Source data —
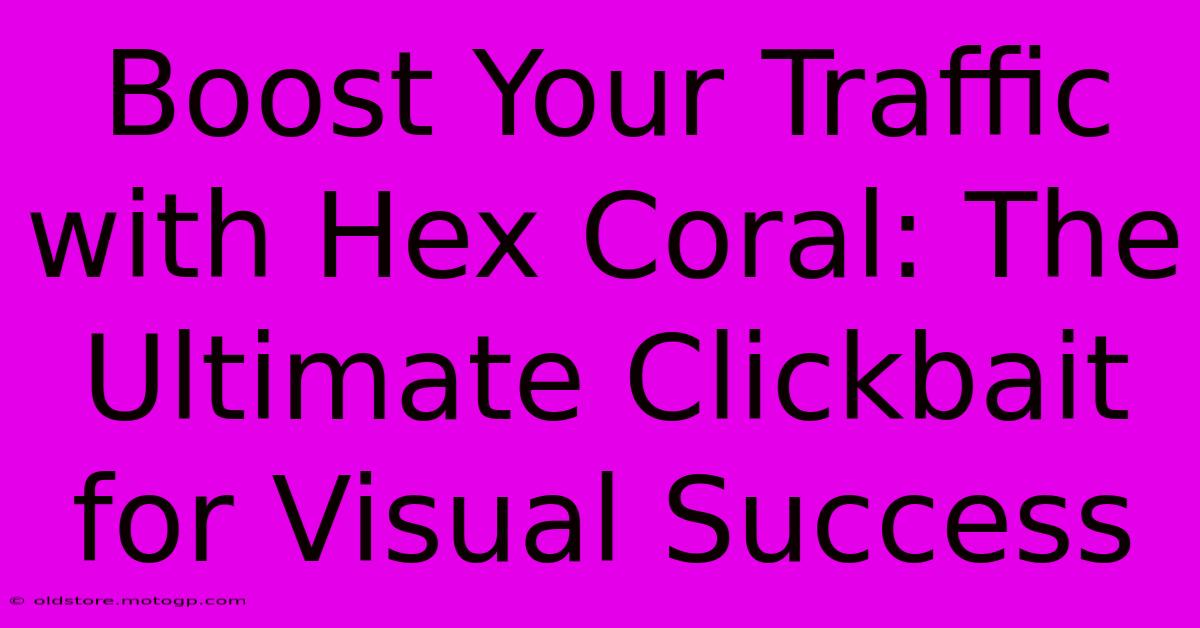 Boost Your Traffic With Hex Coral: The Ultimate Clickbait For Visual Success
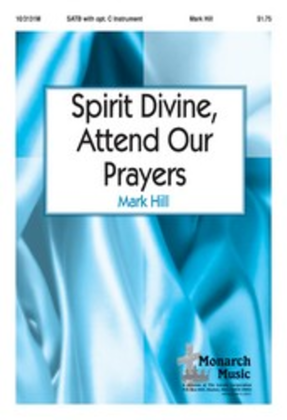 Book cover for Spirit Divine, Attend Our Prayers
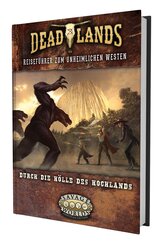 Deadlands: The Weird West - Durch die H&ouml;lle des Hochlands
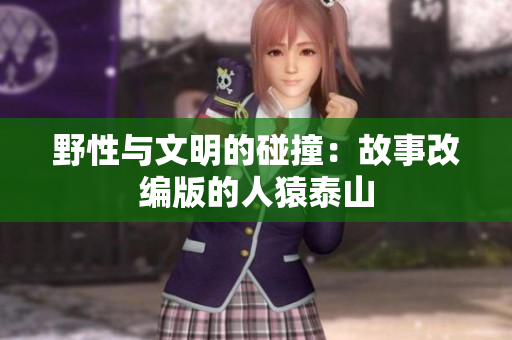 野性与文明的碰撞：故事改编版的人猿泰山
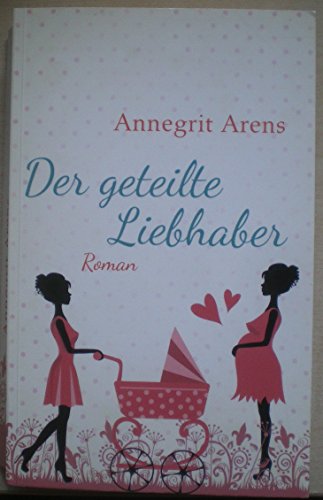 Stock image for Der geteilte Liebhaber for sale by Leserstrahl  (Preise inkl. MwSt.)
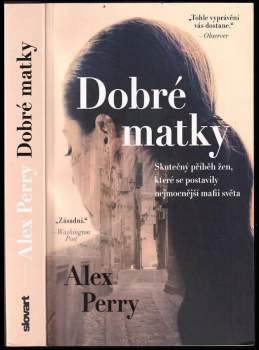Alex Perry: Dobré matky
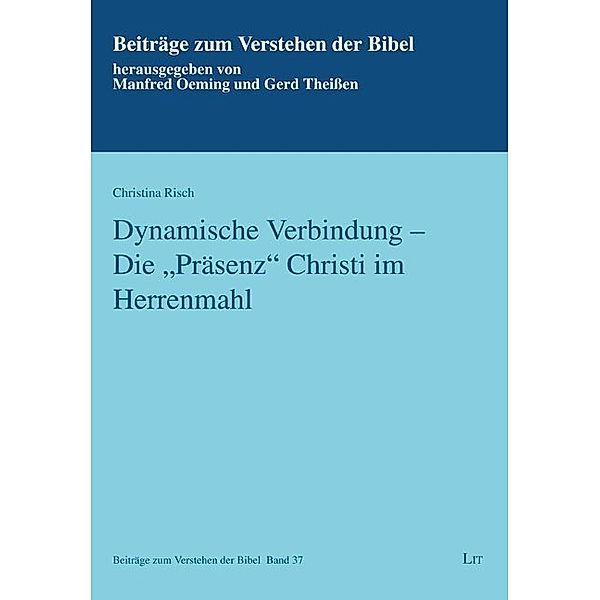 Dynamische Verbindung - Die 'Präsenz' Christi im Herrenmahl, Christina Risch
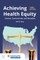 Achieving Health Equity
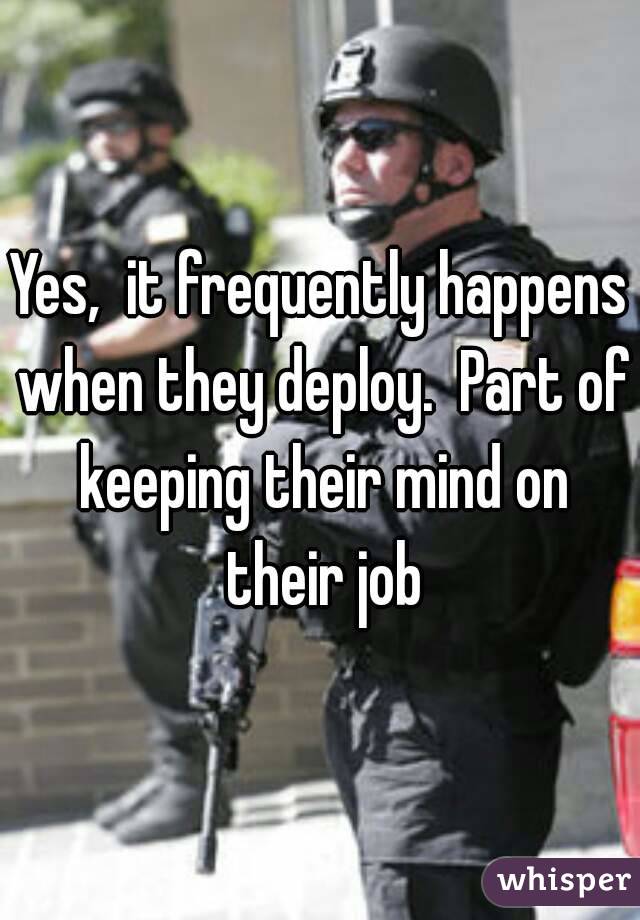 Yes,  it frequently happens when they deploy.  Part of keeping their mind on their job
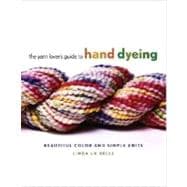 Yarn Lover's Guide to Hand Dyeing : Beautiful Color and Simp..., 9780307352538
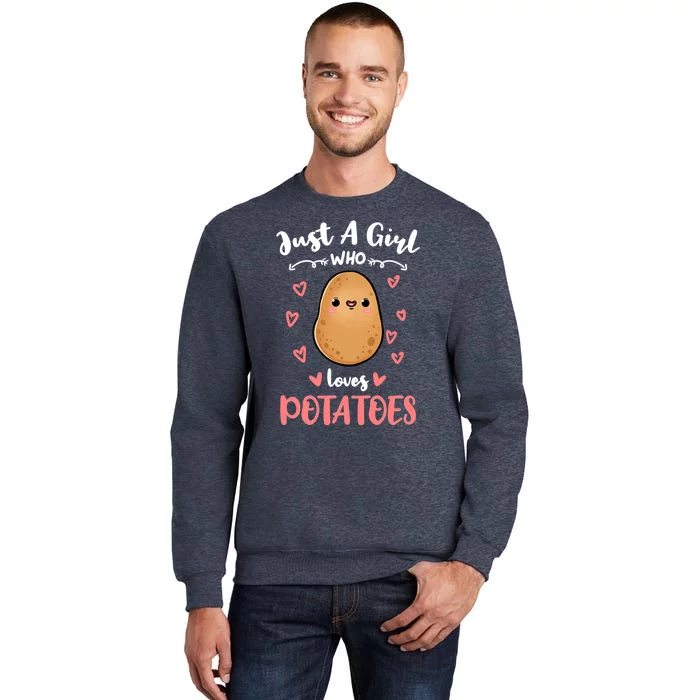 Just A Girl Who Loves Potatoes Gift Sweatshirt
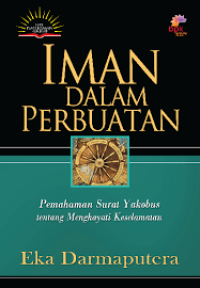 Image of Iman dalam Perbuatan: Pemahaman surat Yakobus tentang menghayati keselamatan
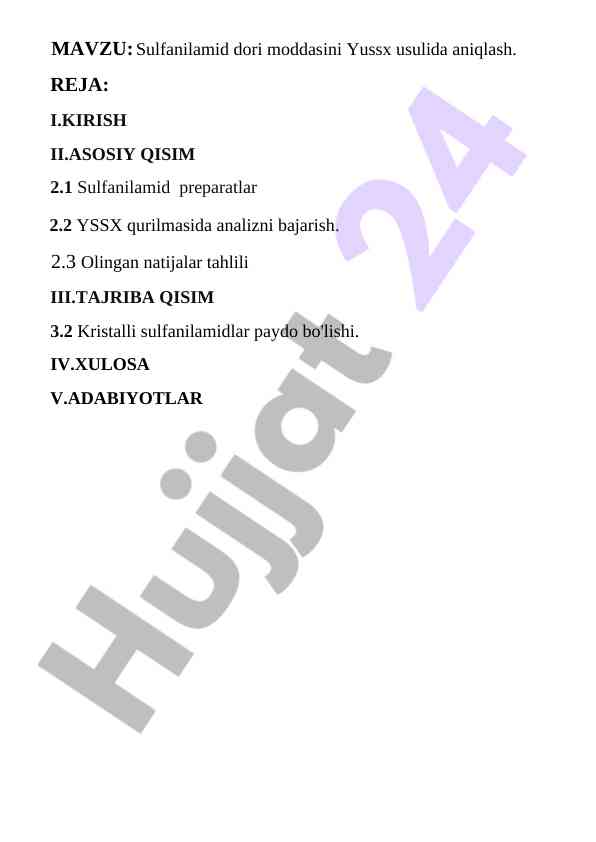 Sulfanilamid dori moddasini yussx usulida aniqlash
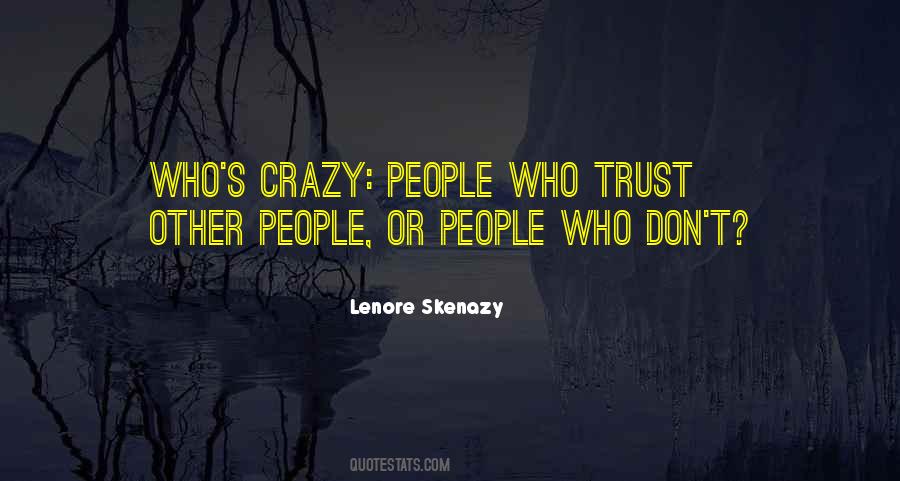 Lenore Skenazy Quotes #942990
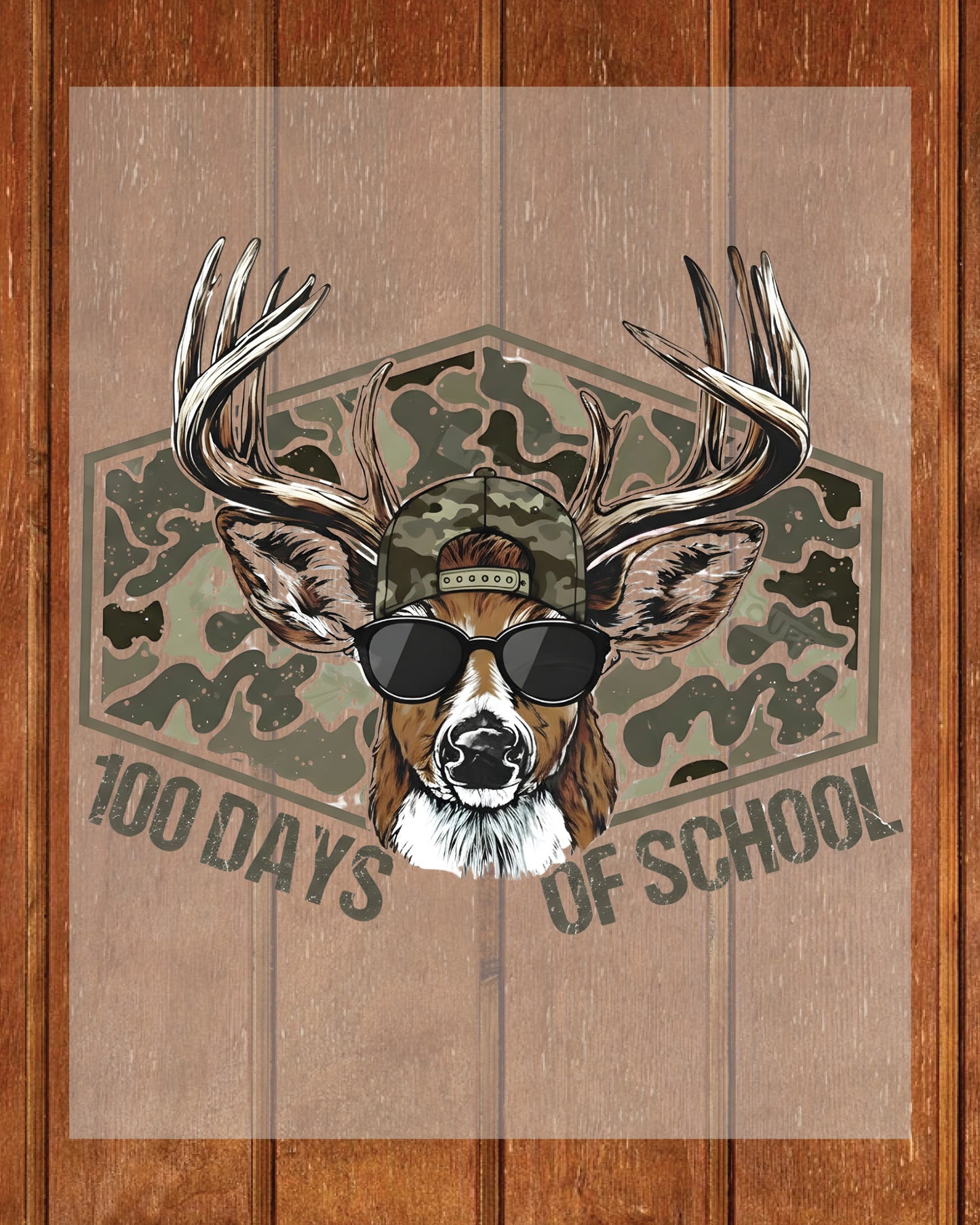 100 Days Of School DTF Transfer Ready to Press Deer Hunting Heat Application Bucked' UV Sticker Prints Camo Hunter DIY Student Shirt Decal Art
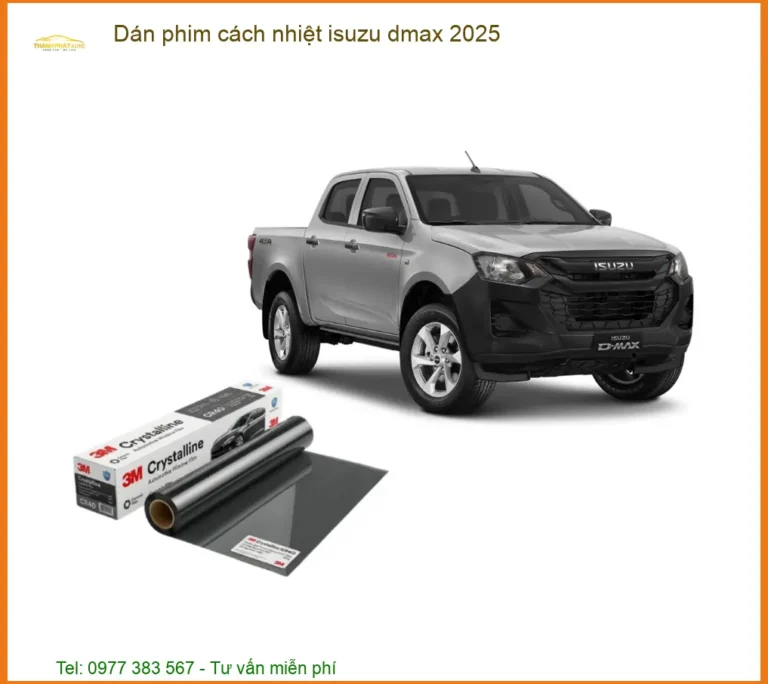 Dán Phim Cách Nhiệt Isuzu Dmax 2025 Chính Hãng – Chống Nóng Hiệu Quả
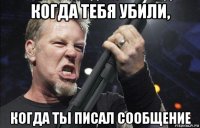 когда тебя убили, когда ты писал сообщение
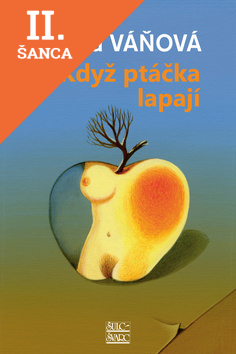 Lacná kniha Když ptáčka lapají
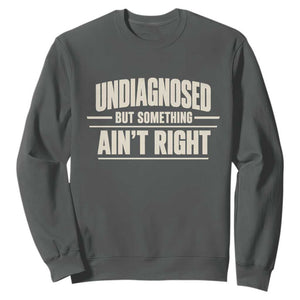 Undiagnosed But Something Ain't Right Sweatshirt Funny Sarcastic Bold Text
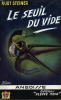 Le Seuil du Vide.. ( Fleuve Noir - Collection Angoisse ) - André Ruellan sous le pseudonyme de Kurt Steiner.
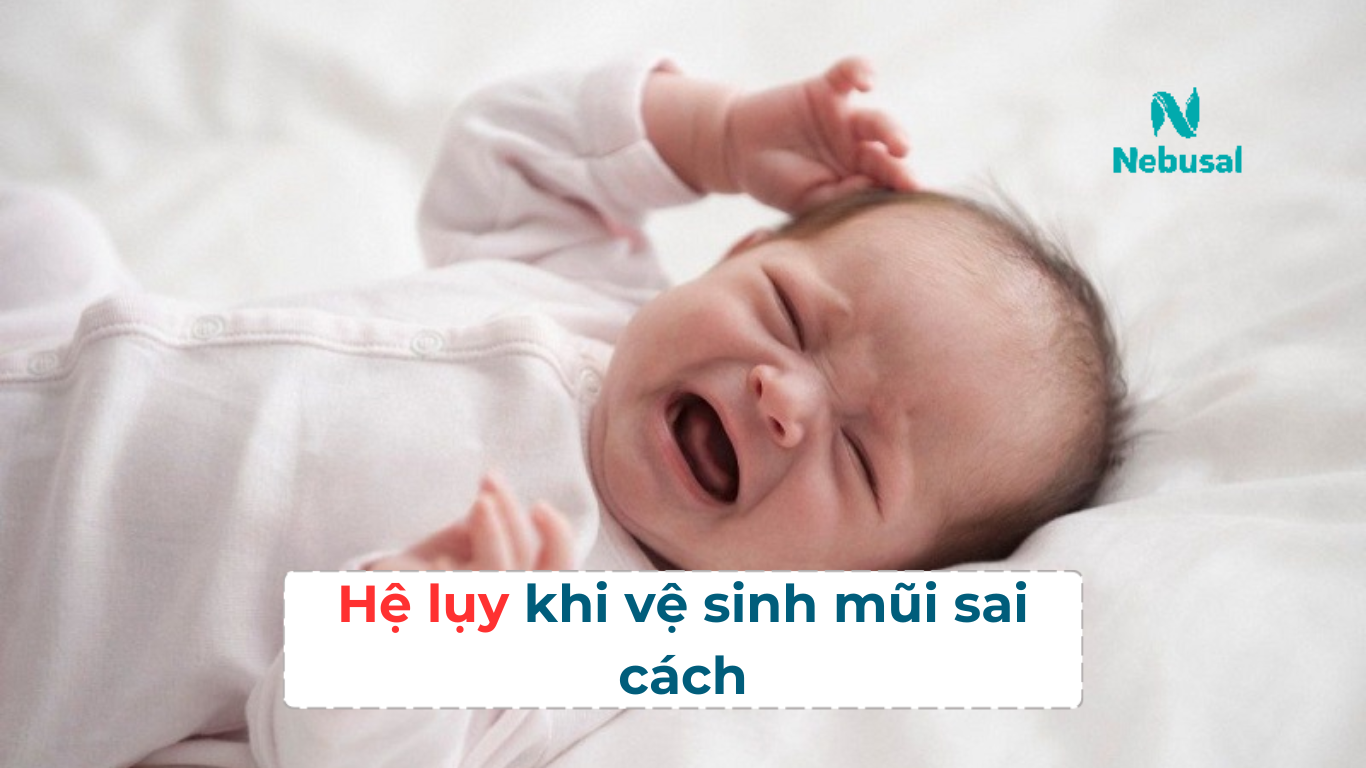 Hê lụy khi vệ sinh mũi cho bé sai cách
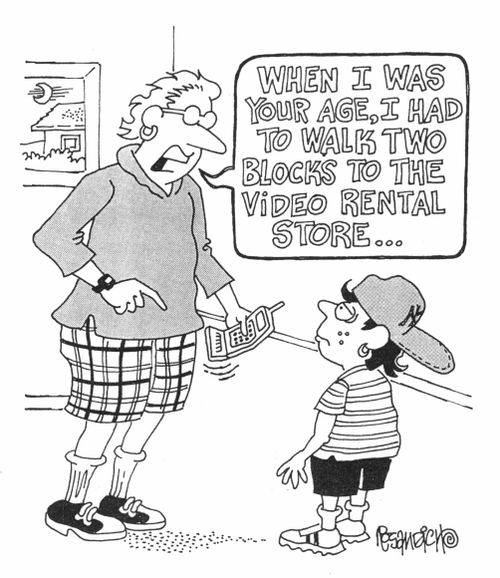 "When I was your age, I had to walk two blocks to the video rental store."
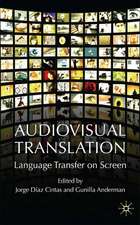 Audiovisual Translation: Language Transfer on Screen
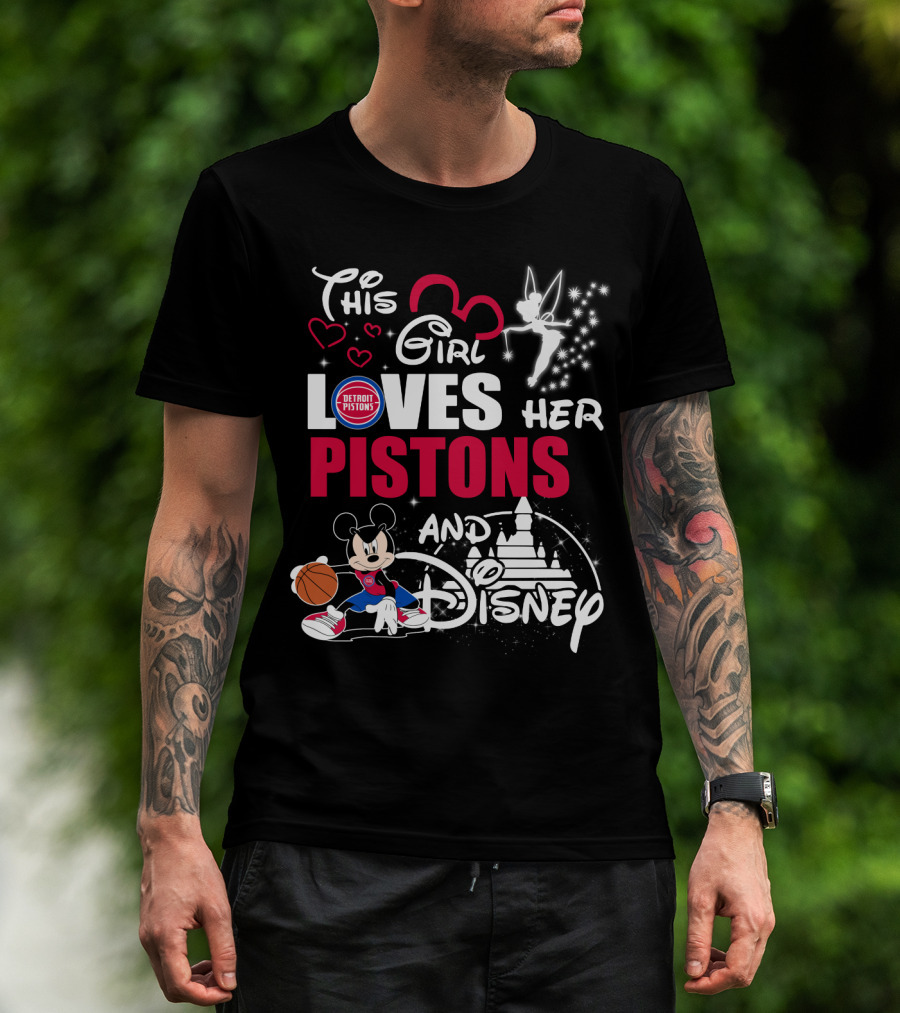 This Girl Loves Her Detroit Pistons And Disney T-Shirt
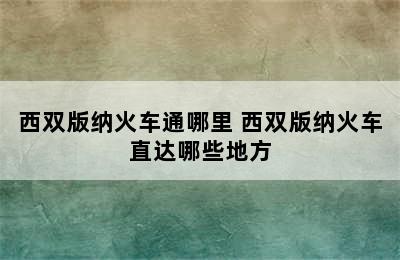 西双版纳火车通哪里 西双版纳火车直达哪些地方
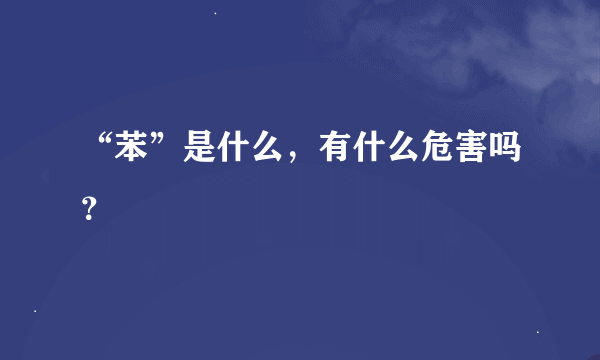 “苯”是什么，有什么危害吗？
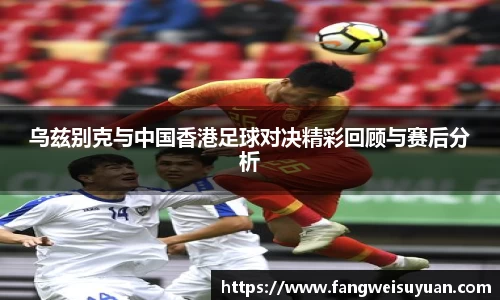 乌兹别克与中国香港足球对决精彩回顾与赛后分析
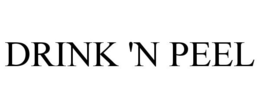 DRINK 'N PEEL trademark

Task item —
Here the job is to retype exactly the lines that start at the one containing "Alex Perry: Dobré matky" and run through the end of the records above, leaving out pictures.

Result for this task —
Alex Perry: Dobré matky
 Dynamische Verbindung - Die 'Präsenz' Christi im Herrenmahl, Christina Risch
 Achieving Health Equity
 Yes,  it frequently happens when they deploy.  Part of keeping their mind on their job
 Yarn Lover's Guide to Hand Dyeing : Beautiful Color and Simp..., 9780307352538
 Just A Girl Who Loves Potatoes Gift Sweatshirt
 Image of Iman dalam Perbuatan: Pemahaman surat Yakobus tentang menghayati keselamatan
 Sulfanilamid dori moddasini yussx usulida aniqlash
 Lenore Skenazy Quotes #942990
 100 Days Of School DTF Transfer Ready to Press Deer Hunting Heat Application Bucked' UV Sticker Prints Camo Hunter DIY Student Shirt Decal Art
 Dán Phim Cách Nhiệt Isuzu Dmax 2025 Chính Hãng – Chống Nóng Hiệu Quả
 когда тебя убили, когда ты писал сообщение
 Lacná kniha Když ptáčka lapají
 Undiagnosed But Something Ain't Right Sweatshirt Funny Sarcastic Bold Text
 Le Seuil du Vide.. ( Fleuve Noir - Collection Angoisse ) - André Ruellan sous le pseudonyme de Kurt Steiner.
 Hê lụy khi vệ sinh mũi cho bé sai cách
 "When I was your age, I had to walk two blocks to the video rental store."
 Audiovisual Translation: Language Transfer on Screen
 This Girl Loves Her Detroit Pistons And Disney T-Shirt
 西双版纳火车通哪里 西双版纳火车直达哪些地方
 “苯”是什么，有什么危害吗？
 乌兹别克与中国香港足球对决精彩回顾与赛后分析
 DRINK 'N PEEL trademark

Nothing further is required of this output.